Il secondo libro de madrigali a cinque voci se publicó el año de 1590, mientras Galileo Galilei desarrollaba sus trabajos revolucionarios y el compositor tenia 22 años. Monteverdi era ya maestro de capilla en la catedral de Sant Marco, en Venecia y este conjunto fue publicado con el objectivo de propiciar su posible contratación en Milán captando la atención de la corte de Mantua y del duque Vincenzo Gonzaga.
La misión de Alessandrini y sus secuaces era transmitir tales contenidos en el Foyer del Liceu (lo que vendría a ser el bar), bueno de tamaño, no tanto de acústica. La ejecución se basaba en un quinteto vocal (aunque sus miembros fueran variables, pues había seis cantantes) y el acompañamiento escuetísimo de una tiorba que, esencialmente, servía para asegurar el contexto tonal. Yo esperaba un mayor virtuosismo y una mayor transparencia polifónica en pasajes como aquél que dice «scopria quest’alma innamorata e quella» (1er madrigal). Y una dicción más idiomática (menos cubierta) independientemente de los cambios de alineación que se sucedían. Así en el Cuarto y Quinto Madrigal, dónde se hubieran podido imaginar unos cortes más limpios.
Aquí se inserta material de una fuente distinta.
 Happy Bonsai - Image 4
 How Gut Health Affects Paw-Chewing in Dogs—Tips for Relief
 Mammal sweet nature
Sin embargo, todos estos avatares no iban a marcar la línea general. Ya desde el Sexto Madrigal («Intorno a due vermiglie e vaghe labbra») la cosa empezó a fluir con mucha más precisión e intensidad. Ello no impidió que una de las sopranos, que ya había mostrado cierta incompatibilidad con el grupo por volumen y vibrato, atacara el Noveno Madrigal («Donna nel mio ritorno») con una afinación más que dudosa. Pero era ya un mero accidente dentro de un círculo virtuoso que tuvo sus momentos de gloria antes del descanso en el Decimoprimer Madrigal («S’andasse Amor a caccia»).
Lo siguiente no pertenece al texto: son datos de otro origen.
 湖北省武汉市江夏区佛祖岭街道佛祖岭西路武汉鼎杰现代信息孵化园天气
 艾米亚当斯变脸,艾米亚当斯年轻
Durante la primera parte se había prefigurado ya con claridad un conflicto en la sala protagonizado por sectores muy concretos (eramos pocos y en esa circunstancia resulta difícil no ser concreto). Los dos bandos (uno de los cuales tenía un sólo activista) debatían una cuestión sobre protocolo: ¿hay que aplaudir cada madrigal? ¿sólo al final del libro? ¿hay algún asidero dentro del ciclo que nos exonere de vivir el conjunto del ciclo como si fuera «Winterreise»? Ante tales conflictos uno, o bien se siente confiado porque domina la liturgia del género, o se deja llevar por lo común. Ninguna de las dos opciones era posible en este caso porque nuestros abuelos no solían asistir a romerías madrigalísticas y, sobre todo, en el Foyer no parecía haber un criterio común. Y así fue como cada cambio de madrigal resultaba inquietante «per se», gracias a la entrañable intención de algún espectador de aplaudir todos y cada uno de los madrigales.
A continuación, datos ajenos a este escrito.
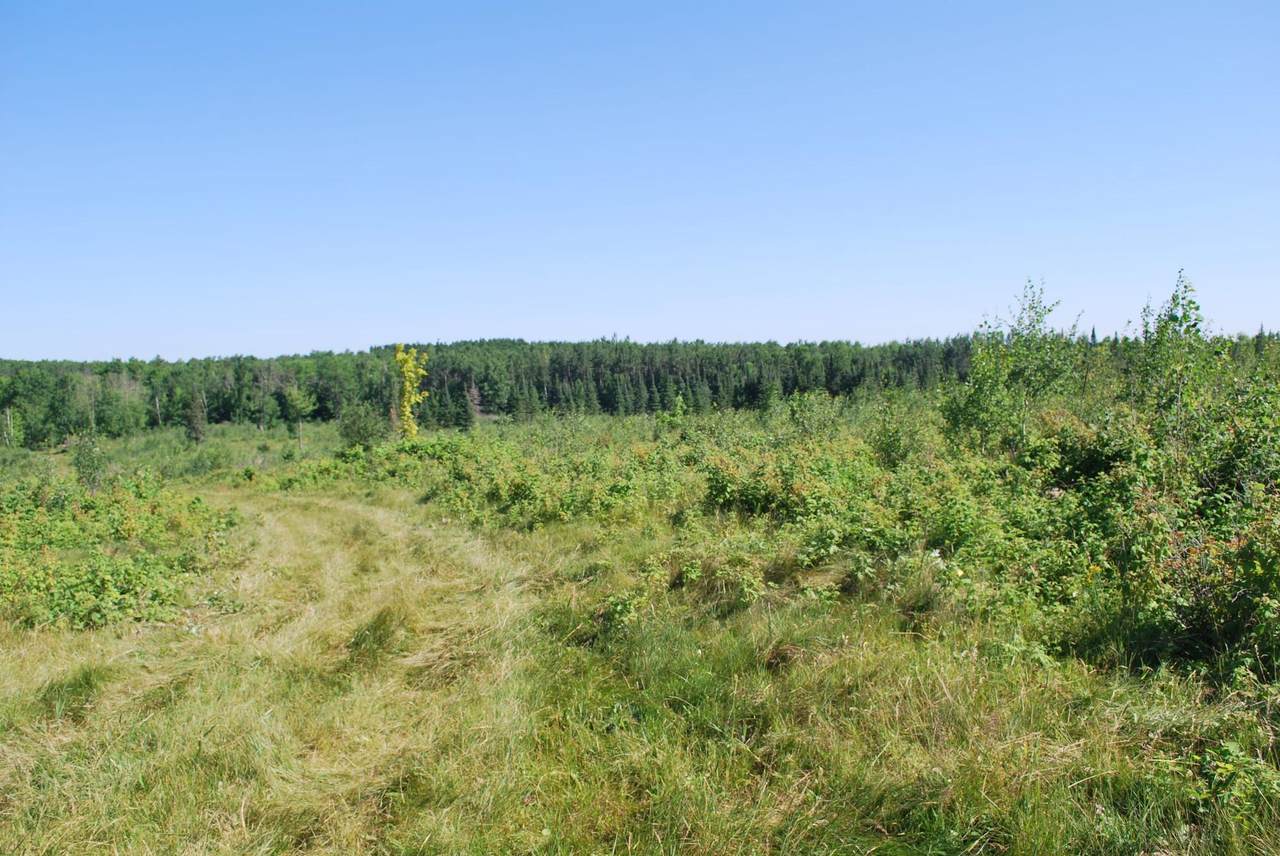 https://bt-photos.global.ssl.fastly.net/northwoods/1280_boomver_1_218538-2.jpg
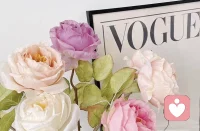 养身要养心：
内心平静、没有大的情绪波动；
遇事想得开、不耿耿于怀；
宽厚随和、不易激动；
悠闲自得、生活节奏慢、欲求少；
稳重安宁、随遇而安；

​配图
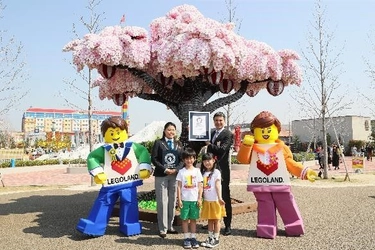 今年のお花見は『LEGOLAND Japan』で！ 『レゴブロックで作られた最大の桜の木』 ギネス世界記録認定！  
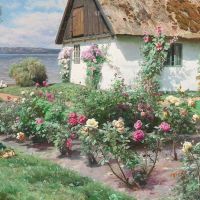 Monsted Peder Blomstrende Roser Ved Et Gammelt Havehus Sorup 1934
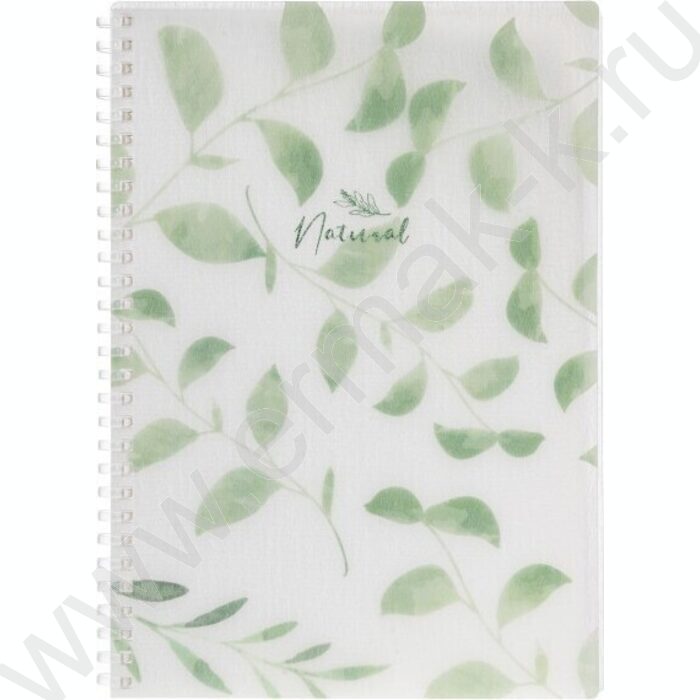 Тетрадь  80л 175*250 клетка/спираль/пл.обл./тониров.блок "NATURAL LEAVES" | Фото 1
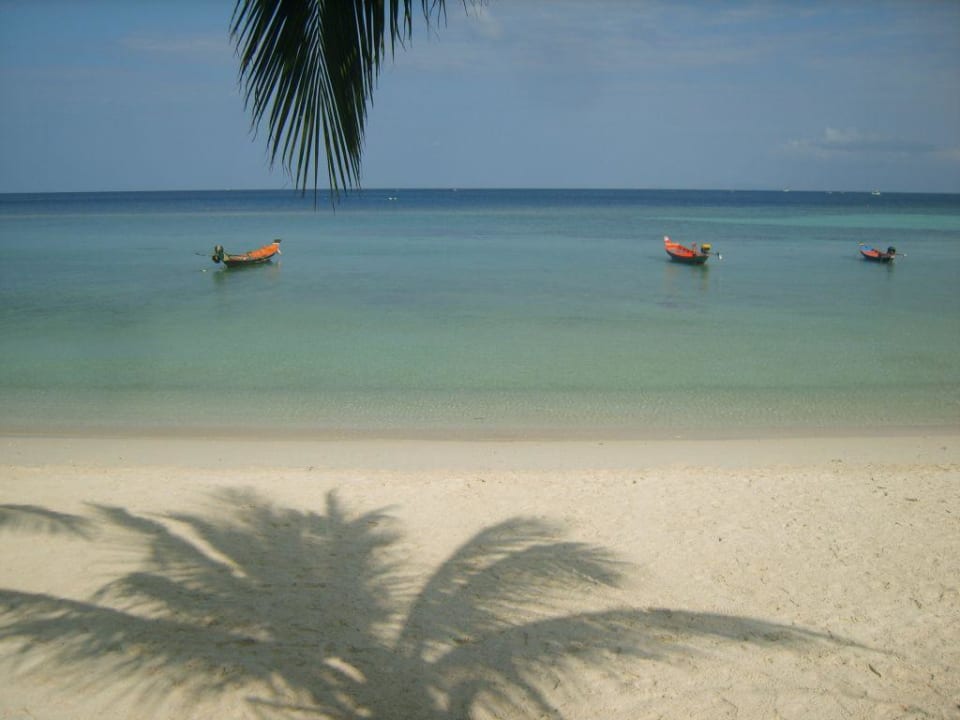 Ausblick vom Restaurant Hotel Salad Hut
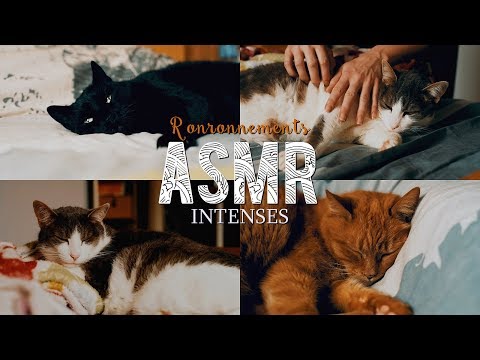 ASMR Français ~ RONRONTHÉRAPIE 🐱 RONRONNEMENTS INTENSES / Cat Purring
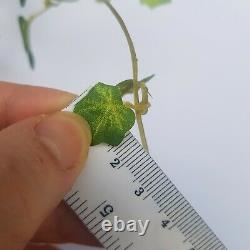 Update soon 50 cm Long Miniature IVY CREEPER CLIMBER Hanging Dollhouse V4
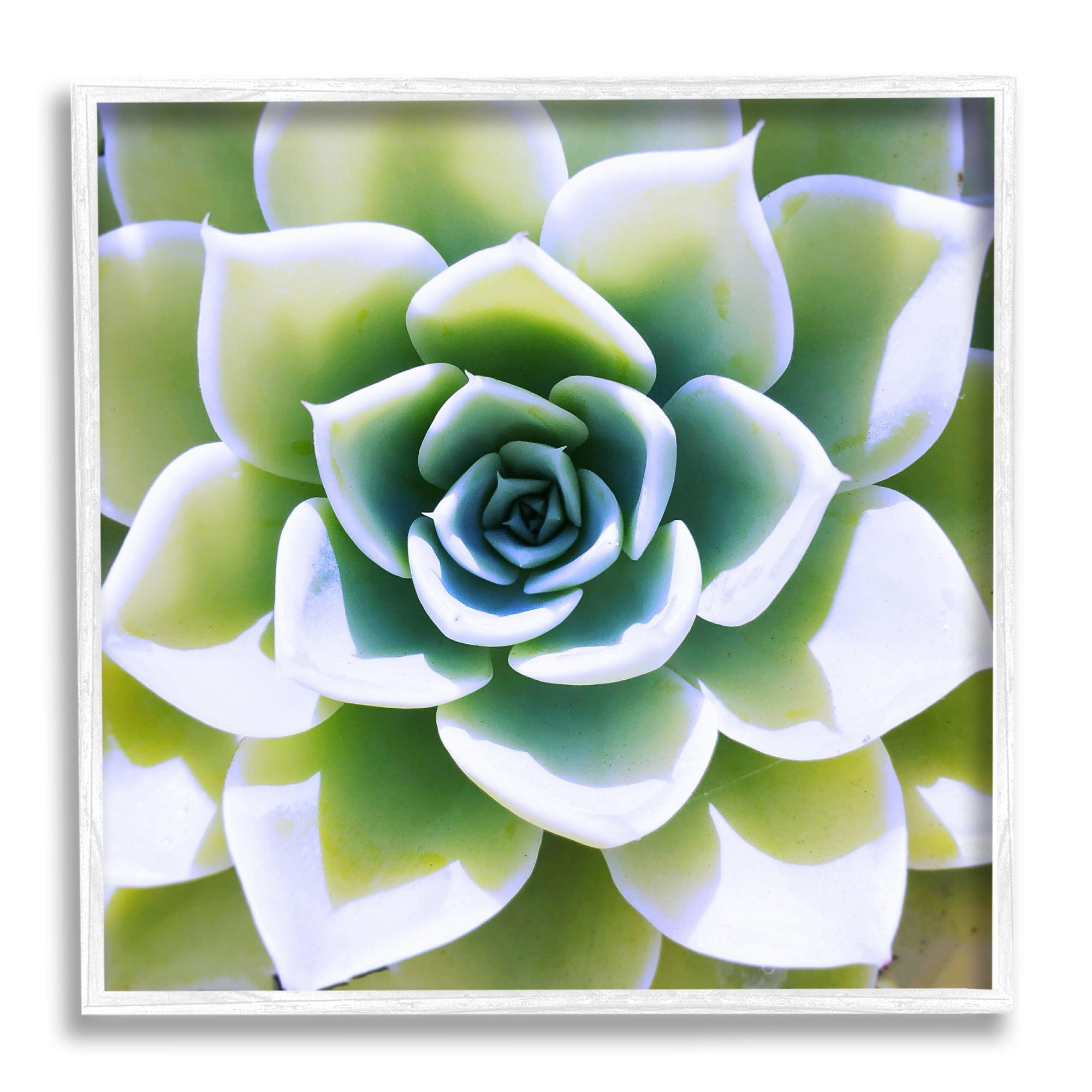 Green Succulent Close Up White Framed Canvas Print, 12" x 12"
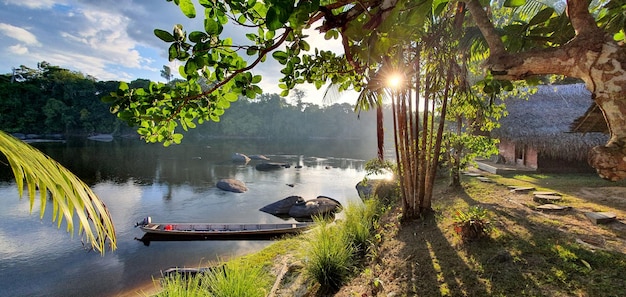 Sunset in Suriname Amazonas River with Palm trees and reflecting Water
El conflicto siguió latente hasta desvanecerse por cansancio a pesar del brillante arranque de la segunda parte (12º Madrigal. «Mentr’io miravo fiso»). El círculo virtuoso se sostuvo ya hasta el final y tuvo pronto picos de intensidad con el 16º Madrigal («Dolcemente dormiva la mia Clori»). En este punto las energías ovacionadoras del sector entusiasta habían ya remitido y todo venía ganando desde hacía un buen rato transparencia y expresividad, que a veces viene a ser lo mismo. También el empaste entre las voces había venido evolucionando hacia ese virtuosismo y esa claridad polifónica que se echó de menos al principio. Toda la segunda parte fue, en realidad, antológica, y sirvió para reafirmar algo que ya en la primera parte era obvio: que el ingenio de estas obras es tan reseñable que uno no puede más que rendirse ante el magisterio de Monteverdi. No es que ese sea un tema de debate, pero tal vez sirvió para que algunos de los asistentes volvieran a su casa conscientes de lo divertido que puede ser escuchar está música que nos conduce a los albores no sólo de la ópera (como se ha comentado acertadamente en numerosas reseñas) sino también de la música «moderna».
Con el público entregado y sin la contención del protocolo y la convención, tuvimos un bis con cambio de autor: de Monteverdi a Agostino Agreste, autor de un jacarandoso Madrigal que permitió juntar el sexteto de cantantes, que hasta el momento había aparecido en dos formaciones de quinteto (dos sopranos, dos tenores y un bajo normalmente, pero también con un tenor de más y una soprano de menos a veces). Ello catalizó el jolgorio general de un público gratificado por la pulcritud y la expresividad obtenida. Y por el genio del autor, naturalmente.